In the webinar, The Adventures of Multilingual Investigations, Ben Rusch, Vice President of Review Solutions here at Consilio, speaks on multilingual investigations increasing in importance as globalization, international e-commerce and technological advancements continue to expand. Whether it be emails, instant messaging or social media, technology has allowed companies to uncover evidence like they have never been able to before.
One of the biggest questions our presenter is asked is, “Why don’t we just use technology?” “We do use analytics,” responds Rusch, “but multilingual work is typically so complex that you need to bring human expertise to bear as well as technology in order to yield the best results.” Integrating sophisticated technology and smart decision making at the human level is the challenge for sophisticated eDiscovery processes, like Consilio Complete. Investigations can be complex and complicated so it is important to highlight the best practices for success:
Language detection technology is inaccurate
Imagine conducting a multilingual investigation and receiving a hard drive with 100,000 documents in various languages. The instant messages and emails are then scanned and the results reveal an overwhelming number of inconsistent languages. Unfortunately, these results are not atypical as language detection technology often produces incorrect data. One solution is to run Optical Character Recognition (OCR) to differentiate character scripts like Thai from Japanese. These unexpected complexities do not mean investigations cannot continue, but rather that it requires highly experienced individuals to formulate a new strategy.

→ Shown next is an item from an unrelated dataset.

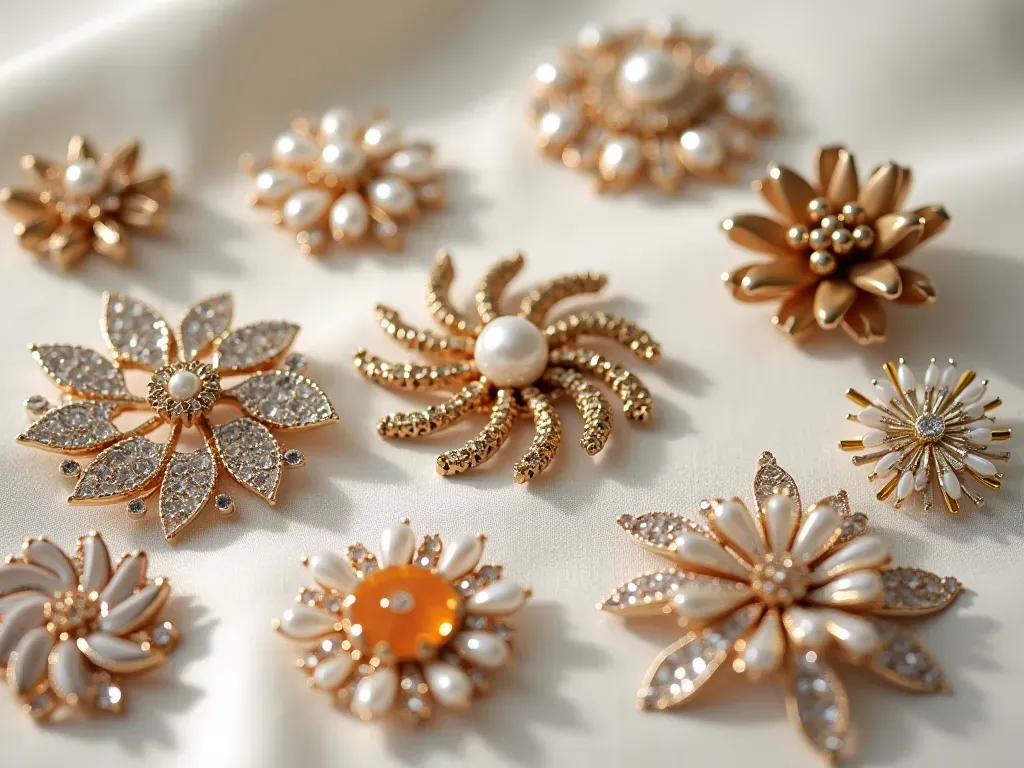 A flat lay of various handmade brooches arranged on a neutral linen background. Include floral designs, geometric shapes, and pearl accents under soft studio lighting to showcase craftsmanship details.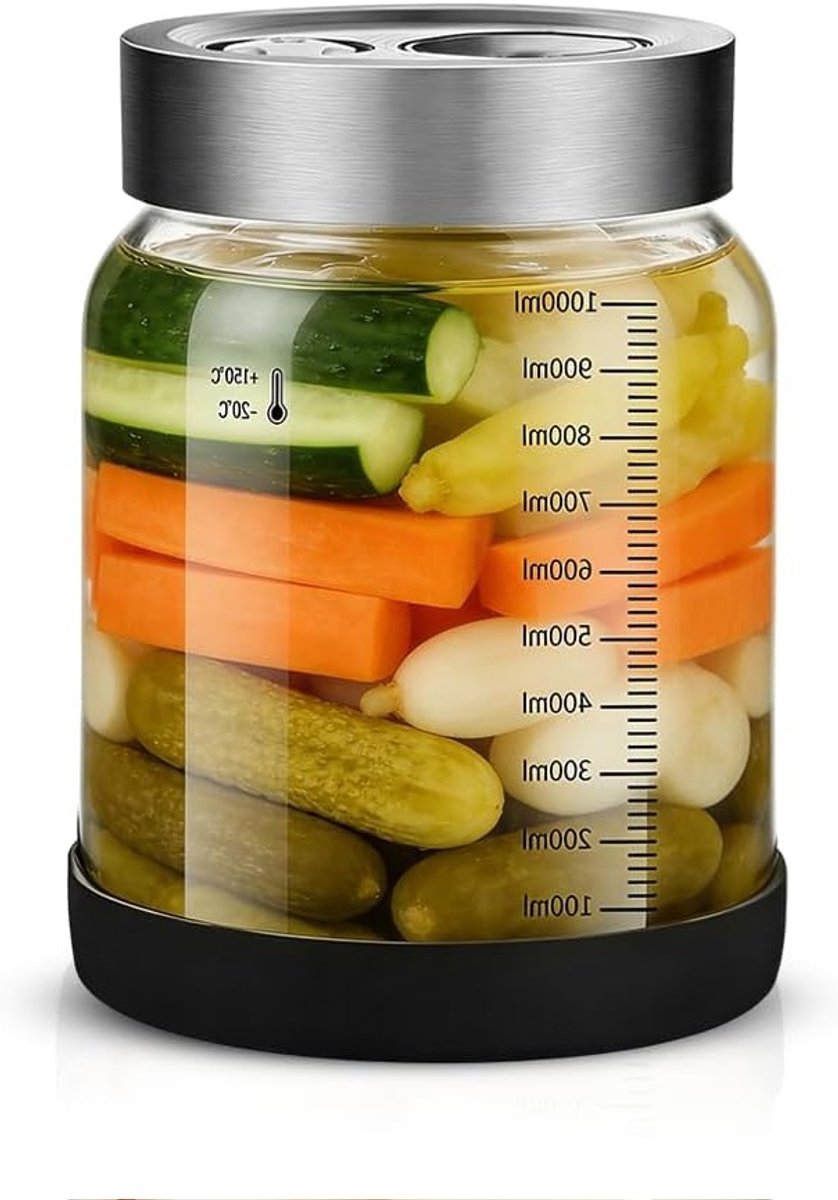 Fermentatieglas met deksel en ventiel, 1 liter, ideaal voor het maken van kombucha, zuurko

Refine keyword searches to include abbreviations and synonyms
Any concept can be expressed in different ways in the data we search. That is why one of the things we do intuitively when searching for relevant information is to add some very common synonyms, not only looking for the concept “Department of Justice” but also for its abbreviation “DOJ” in a given dataset, to give an example. One might even look for the search term “regulator” where the context of the email suggests that the Department of Justice is what is meant when someone writes “regulator” in an email. The same process of including abbreviations and synonyms is at play when transposing search terms into another language. We do not merely translate the terms 1:1 to find the closest equivalent. Rather, we analyze the concepts in the original search and transpose them into the target language, including common abbreviations and synonyms
English has an extremely simple way to inflect nouns and verbs. As an example, the plural of nouns is normally achieved by adding an -s, and the past tense stem of the verb “bribed” is the same whether I bribed or you bribed or they bribed. And we do not want to miss out on relevant information just because someone paid bribes in the plural rather than just a single bribe. English grammar is so simple that stemming searches can capture virtually all grammatical inflections of English nouns and verbs. The grammatical inflections of most other languages, however, are significantly more complex. Making sure that all likely grammatical inflections of the terms in the target language have been included in the search is an important step.
The challenge of tokenization
Searching keywords in English involves identifying words separated by spaces. Searching for the term “bee” will not return the word “beer” on the basis that it contains the same string of letters. By contrast, scripts such as the Chinese, Japanese, Korean and Thai scripts do not need separate words (technically, morphemes) with spaces in order to make sense. This presents challenges when running searches because segments of the target term might spell a different word.
Multilingual investigations are complex. To avoid costly mistakes, quality eDiscovery processes, like Consilio Complete, ensure speed, accuracy and overall efficiency through its streamlined capabilities. Ultimately, from machine learning and analytics to skilled multilingual consultants and strong project management, it comes down to finding the right balance between technology and human intervention.